> Task objective
Where a picture appears, skip it and copy everything else in the listing exactly.

> Data for review
···
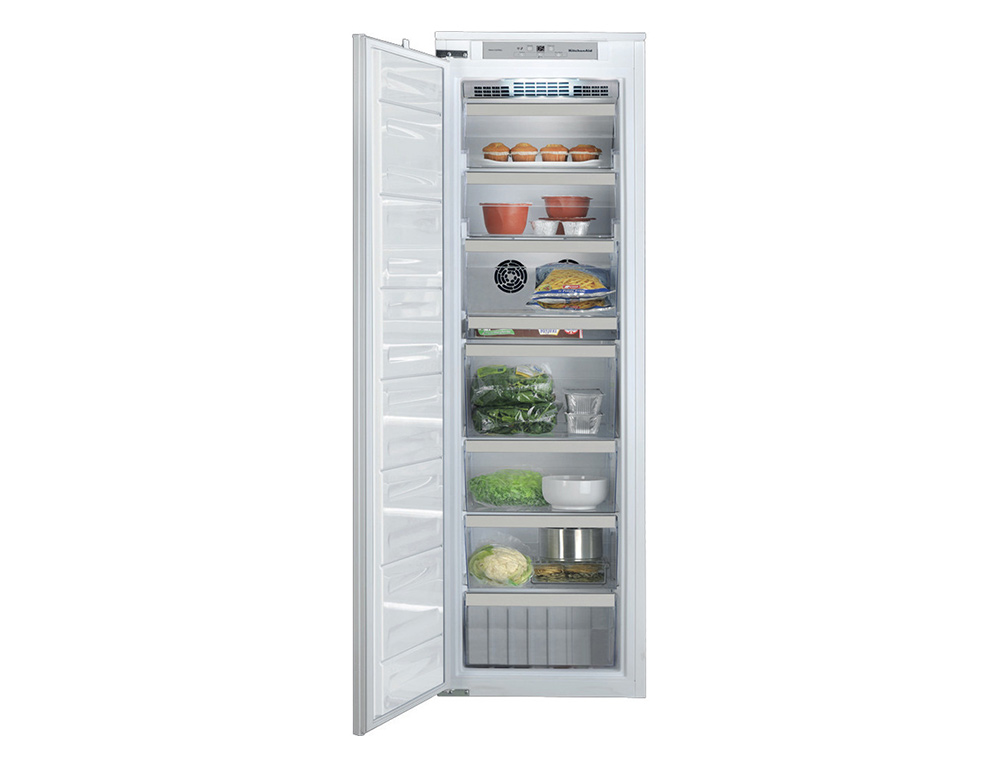 Εικόνα Καταψύκτης - Ψυγείο KitchenAid KCBFS 18602 με χωρητικότητα 203L και ενεργειακή κλάση A++
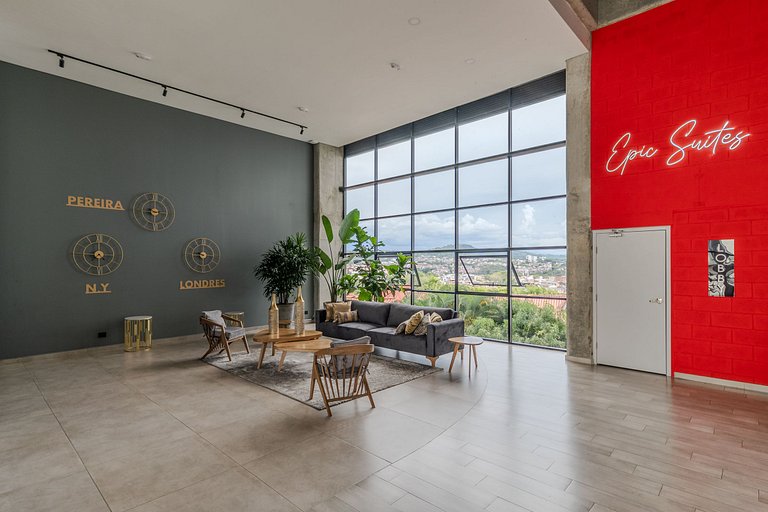 |Ahead| Exclusivo Loft al lado de Unicentro con parking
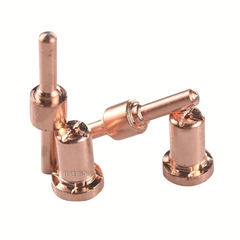 Cross-border PT31 Wenzhou 40A Plasma Cutting Accessories LG40 Electrode Nozzle Protective Cover Splitter 30PCS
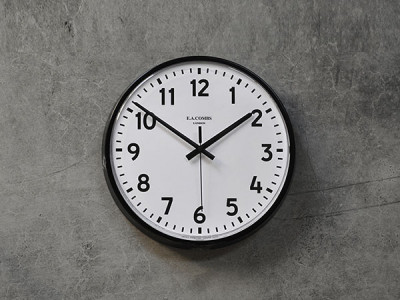 PACIFIC FURNITURE SERVICE E.A. COMBS WALL CLOCK S / パシフィック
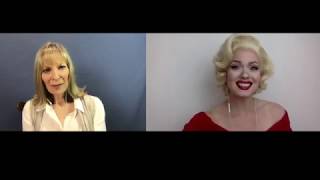 "Marilyn Mom & Me"  earrings scene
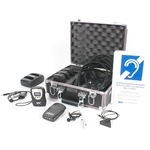 Williams Sound FM ADA KIT 37 RCH, Rechargeable FM kit for one presenter and up to four listeners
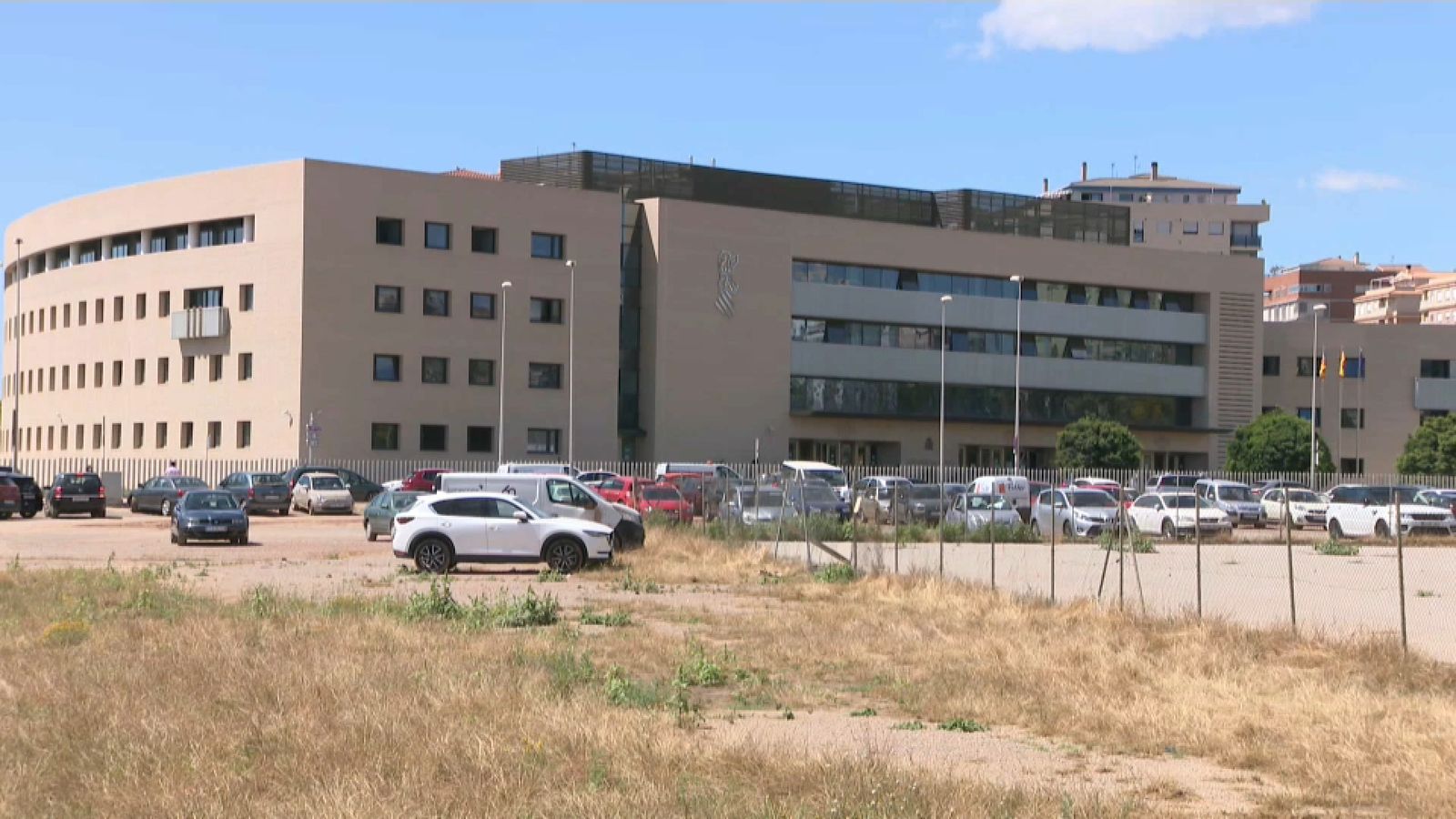 Solar de Castelló on s'alçaran els nous conservatoris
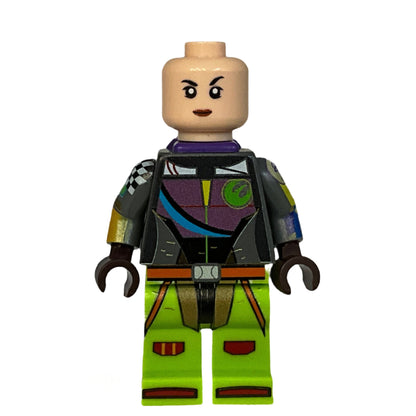 LIME SABINE Custom Printed Minifigure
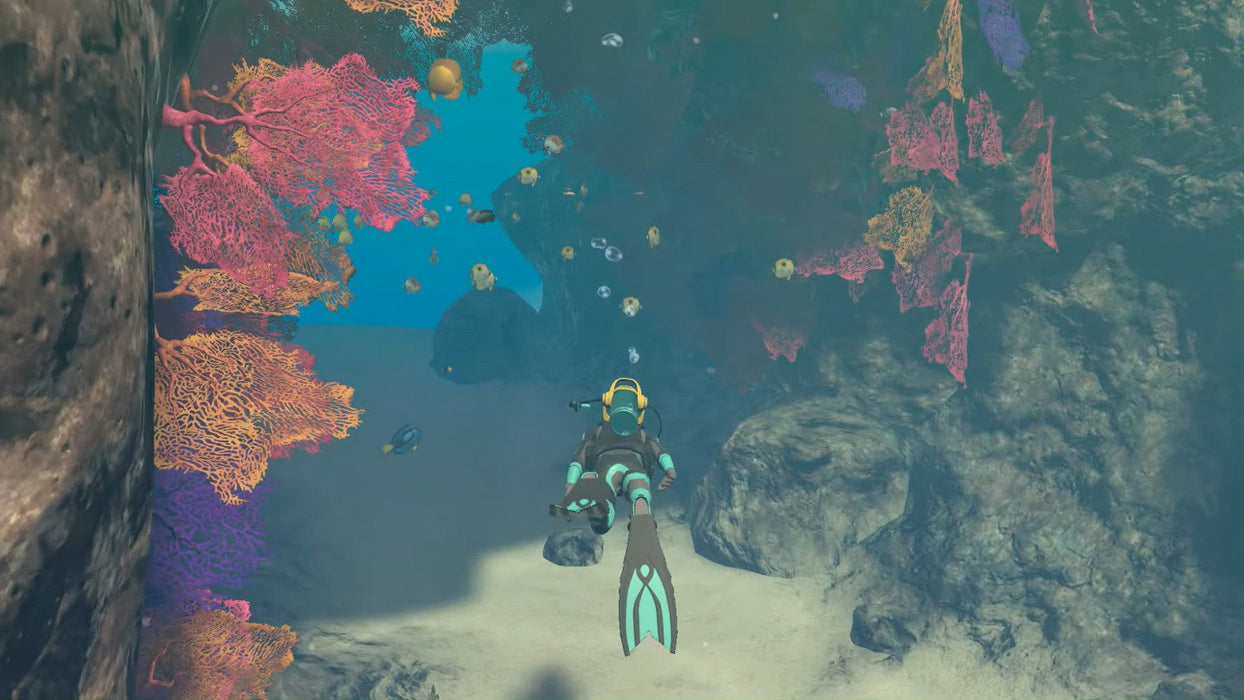 Endless Ocean: Luminous – Nintendo Switch (NS) - for just $40.99!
···
> Written response
 Εικόνα Καταψύκτης - Ψυγείο KitchenAid KCBFS 18602 με χωρητικότητα 203L και ενεργειακή κλάση A++
 |Ahead| Exclusivo Loft al lado de Unicentro con parking
 Cross-border PT31 Wenzhou 40A Plasma Cutting Accessories LG40 Electrode Nozzle Protective Cover Splitter 30PCS
 PACIFIC FURNITURE SERVICE E.A. COMBS WALL CLOCK S / パシフィック
 "Marilyn Mom & Me"  earrings scene
 Williams Sound FM ADA KIT 37 RCH, Rechargeable FM kit for one presenter and up to four listeners
 Solar de Castelló on s'alçaran els nous conservatoris
 LIME SABINE Custom Printed Minifigure
 Endless Ocean: Luminous – Nintendo Switch (NS) - for just $40.99!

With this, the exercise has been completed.